What’s Up (Future) Doc? College Welcomes Class of 2022 to Campus

August 16, 2018 by Jennifer Nachbur

Whether it’s a passion, life experience, vocation or fate that brought them here, the first day of medical school is a major milestone for future doctors. The Larner College of Medicine at the University of Vermont Class of 2022 arrived on campus August 13 to participate in their first course – Orientation – and begin the process of filling their brains with the people, places and information that will support their journey to earning an M.D. over the next four years.

The 119 new medical students in the Class of 2022 are residents of 25 different states, with most hailing from Vermont (29), followed by Massachusetts (15), California (14), Connecticut (14) and New York (9). The class has a median undergraduate GPA of 3.7 and an average MCAT score of 510 (500 is average across U.S.).

But becoming a doctor takes so much more than smarts – compassion, communication, listening, clinical decision-making and more are among the many critically important skills students need to acquire and hone during their training.
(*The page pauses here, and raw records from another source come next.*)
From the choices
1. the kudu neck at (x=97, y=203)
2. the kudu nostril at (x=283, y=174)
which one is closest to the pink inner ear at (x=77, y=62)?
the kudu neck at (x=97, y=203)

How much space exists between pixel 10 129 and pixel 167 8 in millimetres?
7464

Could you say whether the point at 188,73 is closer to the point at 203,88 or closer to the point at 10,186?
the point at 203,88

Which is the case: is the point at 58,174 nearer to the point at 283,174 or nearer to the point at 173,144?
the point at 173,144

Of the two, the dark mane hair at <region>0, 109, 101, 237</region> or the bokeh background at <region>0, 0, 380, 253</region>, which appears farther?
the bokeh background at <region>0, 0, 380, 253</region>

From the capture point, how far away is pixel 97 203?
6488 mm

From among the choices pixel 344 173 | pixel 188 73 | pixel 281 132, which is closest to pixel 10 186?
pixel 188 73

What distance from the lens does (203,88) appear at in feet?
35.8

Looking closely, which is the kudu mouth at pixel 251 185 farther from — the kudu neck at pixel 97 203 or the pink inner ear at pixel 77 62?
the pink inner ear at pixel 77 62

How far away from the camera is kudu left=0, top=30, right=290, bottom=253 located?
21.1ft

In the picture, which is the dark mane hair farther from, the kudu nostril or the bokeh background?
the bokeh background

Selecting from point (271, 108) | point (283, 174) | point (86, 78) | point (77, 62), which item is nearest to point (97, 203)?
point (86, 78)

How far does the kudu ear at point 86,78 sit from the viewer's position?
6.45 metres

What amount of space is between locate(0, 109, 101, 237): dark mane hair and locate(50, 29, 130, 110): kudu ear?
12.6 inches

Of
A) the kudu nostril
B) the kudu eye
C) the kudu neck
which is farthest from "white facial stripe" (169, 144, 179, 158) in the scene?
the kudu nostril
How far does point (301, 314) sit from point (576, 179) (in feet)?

This week, they’re getting their first taste of all of that, including seeing their first patient on day one. (Check out the Class of 2022 Orientation schedule here.)
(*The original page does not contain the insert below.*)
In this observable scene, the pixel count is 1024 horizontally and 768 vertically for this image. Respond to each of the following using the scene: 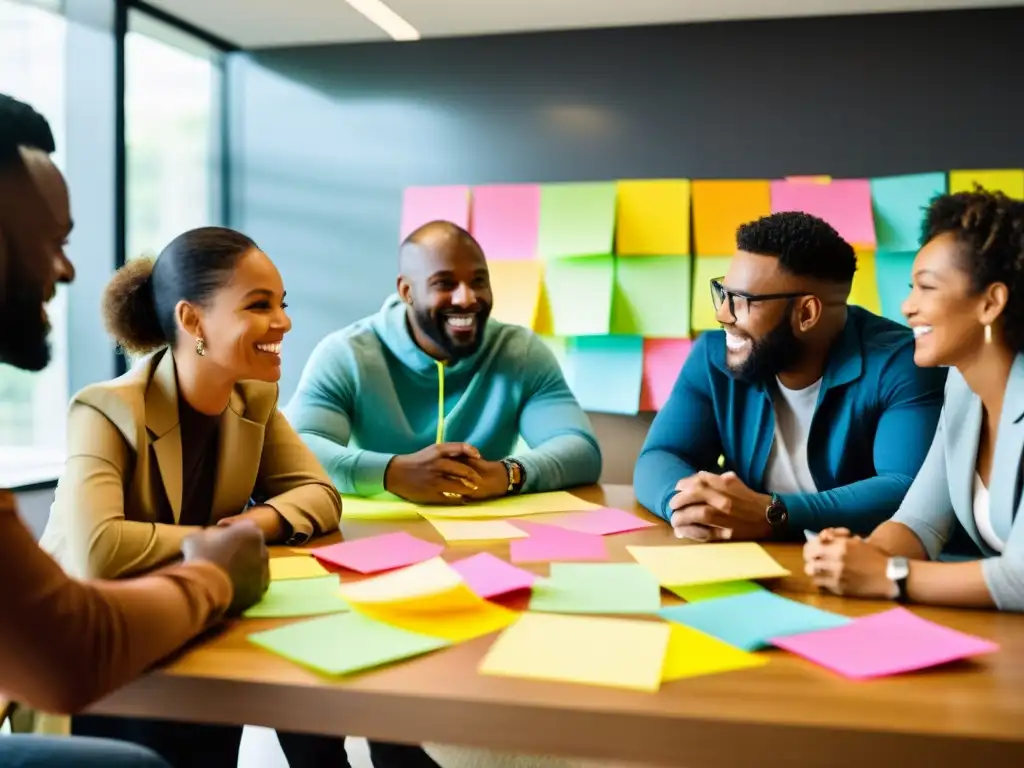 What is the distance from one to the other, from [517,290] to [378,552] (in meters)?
2.00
Find out what sparked an interest in medicine in three of our newest students:

  • Growing up with a mother diagnosed with schizophrenia in a low-income household in Houston, Texas, Marine Corps veteran Jose Calderon’s only access to healthcare was through free mobile clinics. A graduate of the University of Southern California, Calderon helped low-income students attain their U.S. citizenship and hone their U.S. history and English grammar knowledge as a volunteer at the Citizenship Department at the Central American Resource Center. He says his “combat deployment to Afghanistan not only taught me that life is fragile, but also placed high value on being a leader in the community.”
  • Isaac de la Bruere grew up in Colchester, Vt., the son of a mother with deep French Canadian roots and a father from the northeast African country of Eritrea. As a person of color, he struggled with people’s perceptions of what he could and couldn’t do, but after completing a two-year Sports Medicine program at Burlington Technical Center during high school, he proved to himself that he could excel academically. Two trips to Ethiopia helped build a relationship with his grandparents and family, giving him a sense of connection he’d been lacking. A founder of UVM’s Minority Association of Premedical Students club, he says “I got a lot of help from other students, faculty and staff. Now I’d like to pay it forward and inspire people to think about themselves in a way they hadn’t thought of before.”
  • Morrisville, Vt. native Jenna Wells had childhood epilepsy, and because of it, she “was always curious and wanted to learn more.” She earned a degree in health science from Long Island’s Stony Brook University and immersed herself in health-related experiences, including a medical mission in Panama, caring for the elderly, and working and conducting research in the emergency department at UVM Medical Center. The first generation college graduate says “becoming a physician at UVM is a dream come true.”

Members of the Class of 2022 will receive their first white doctors’ coats at the White Coat Ceremony in UVM’s Ira Allen Chapel on October 5, 2018.